■ **What you need to do**
Every line from the one with "Øravík in snow" to the one with "Adult Yellow Butterfly", including those two, is to be copied exactly; all other lines of the entries below are left out.

Brief descriptive captions

------------------------

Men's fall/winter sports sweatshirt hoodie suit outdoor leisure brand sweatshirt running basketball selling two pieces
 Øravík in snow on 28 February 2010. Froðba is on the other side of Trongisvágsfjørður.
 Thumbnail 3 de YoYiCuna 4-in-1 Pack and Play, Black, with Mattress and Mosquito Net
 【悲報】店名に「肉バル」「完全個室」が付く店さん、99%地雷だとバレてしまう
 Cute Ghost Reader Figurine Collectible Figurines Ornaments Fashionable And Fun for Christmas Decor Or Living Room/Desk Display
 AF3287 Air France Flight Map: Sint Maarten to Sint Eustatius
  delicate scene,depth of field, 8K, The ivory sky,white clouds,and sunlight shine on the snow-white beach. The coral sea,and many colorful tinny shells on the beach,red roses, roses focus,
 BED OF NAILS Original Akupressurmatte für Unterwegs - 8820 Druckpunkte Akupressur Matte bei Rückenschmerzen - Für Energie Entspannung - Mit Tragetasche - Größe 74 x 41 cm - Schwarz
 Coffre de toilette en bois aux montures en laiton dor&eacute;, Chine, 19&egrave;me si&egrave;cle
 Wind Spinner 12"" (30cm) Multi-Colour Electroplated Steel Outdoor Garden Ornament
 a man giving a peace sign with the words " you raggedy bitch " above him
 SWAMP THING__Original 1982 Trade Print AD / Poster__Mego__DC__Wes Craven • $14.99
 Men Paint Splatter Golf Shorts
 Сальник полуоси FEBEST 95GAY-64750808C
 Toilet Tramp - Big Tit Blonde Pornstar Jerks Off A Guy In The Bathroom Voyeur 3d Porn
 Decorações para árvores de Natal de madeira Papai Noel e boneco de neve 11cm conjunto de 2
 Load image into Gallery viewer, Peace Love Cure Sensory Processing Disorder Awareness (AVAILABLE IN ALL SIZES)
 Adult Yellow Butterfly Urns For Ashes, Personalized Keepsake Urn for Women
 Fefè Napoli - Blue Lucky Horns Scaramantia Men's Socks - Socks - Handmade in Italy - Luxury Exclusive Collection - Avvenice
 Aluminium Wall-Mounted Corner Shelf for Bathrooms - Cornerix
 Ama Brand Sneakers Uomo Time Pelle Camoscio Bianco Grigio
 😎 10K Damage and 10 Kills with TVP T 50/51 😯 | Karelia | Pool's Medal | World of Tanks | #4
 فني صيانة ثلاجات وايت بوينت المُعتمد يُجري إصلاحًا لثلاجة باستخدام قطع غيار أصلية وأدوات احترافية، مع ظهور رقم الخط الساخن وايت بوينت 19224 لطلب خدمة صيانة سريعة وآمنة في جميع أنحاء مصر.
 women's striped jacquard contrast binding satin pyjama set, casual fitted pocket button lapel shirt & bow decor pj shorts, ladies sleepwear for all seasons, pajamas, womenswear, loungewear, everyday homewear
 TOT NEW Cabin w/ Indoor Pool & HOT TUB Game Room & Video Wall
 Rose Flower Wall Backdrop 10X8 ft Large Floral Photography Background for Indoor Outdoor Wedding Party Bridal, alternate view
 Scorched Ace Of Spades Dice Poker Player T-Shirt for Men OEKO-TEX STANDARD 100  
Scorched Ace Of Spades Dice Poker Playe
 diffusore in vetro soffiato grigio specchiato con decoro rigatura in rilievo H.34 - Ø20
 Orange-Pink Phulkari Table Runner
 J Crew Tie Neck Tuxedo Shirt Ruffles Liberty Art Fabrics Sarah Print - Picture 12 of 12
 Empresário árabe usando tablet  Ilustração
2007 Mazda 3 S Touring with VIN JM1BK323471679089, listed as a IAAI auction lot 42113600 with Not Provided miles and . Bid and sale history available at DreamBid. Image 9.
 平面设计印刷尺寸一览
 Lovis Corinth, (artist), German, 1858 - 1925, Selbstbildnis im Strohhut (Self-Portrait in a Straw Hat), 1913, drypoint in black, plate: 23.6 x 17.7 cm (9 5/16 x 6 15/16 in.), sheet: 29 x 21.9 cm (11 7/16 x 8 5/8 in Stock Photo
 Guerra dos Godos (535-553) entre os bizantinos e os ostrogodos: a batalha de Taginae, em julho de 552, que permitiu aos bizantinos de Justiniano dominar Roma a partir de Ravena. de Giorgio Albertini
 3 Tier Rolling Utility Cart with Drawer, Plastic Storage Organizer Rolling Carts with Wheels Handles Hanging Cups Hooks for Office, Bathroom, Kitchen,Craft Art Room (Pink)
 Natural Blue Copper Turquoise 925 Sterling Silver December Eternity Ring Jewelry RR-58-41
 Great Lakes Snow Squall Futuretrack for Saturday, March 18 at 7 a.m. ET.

------------------------

■ **Solution for this task**
 Øravík in snow on 28 February 2010. Froðba is on the other side of Trongisvágsfjørður.
 Thumbnail 3 de YoYiCuna 4-in-1 Pack and Play, Black, with Mattress and Mosquito Net
 【悲報】店名に「肉バル」「完全個室」が付く店さん、99%地雷だとバレてしまう
 Cute Ghost Reader Figurine Collectible Figurines Ornaments Fashionable And Fun for Christmas Decor Or Living Room/Desk Display
 AF3287 Air France Flight Map: Sint Maarten to Sint Eustatius
  delicate scene,depth of field, 8K, The ivory sky,white clouds,and sunlight shine on the snow-white beach. The coral sea,and many colorful tinny shells on the beach,red roses, roses focus,
 BED OF NAILS Original Akupressurmatte für Unterwegs - 8820 Druckpunkte Akupressur Matte bei Rückenschmerzen - Für Energie Entspannung - Mit Tragetasche - Größe 74 x 41 cm - Schwarz
 Coffre de toilette en bois aux montures en laiton dor&eacute;, Chine, 19&egrave;me si&egrave;cle
 Wind Spinner 12"" (30cm) Multi-Colour Electroplated Steel Outdoor Garden Ornament
 a man giving a peace sign with the words " you raggedy bitch " above him
 SWAMP THING__Original 1982 Trade Print AD / Poster__Mego__DC__Wes Craven • $14.99
 Men Paint Splatter Golf Shorts
 Сальник полуоси FEBEST 95GAY-64750808C
 Toilet Tramp - Big Tit Blonde Pornstar Jerks Off A Guy In The Bathroom Voyeur 3d Porn
 Decorações para árvores de Natal de madeira Papai Noel e boneco de neve 11cm conjunto de 2
 Load image into Gallery viewer, Peace Love Cure Sensory Processing Disorder Awareness (AVAILABLE IN ALL SIZES)
 Adult Yellow Butterfly Urns For Ashes, Personalized Keepsake Urn for Women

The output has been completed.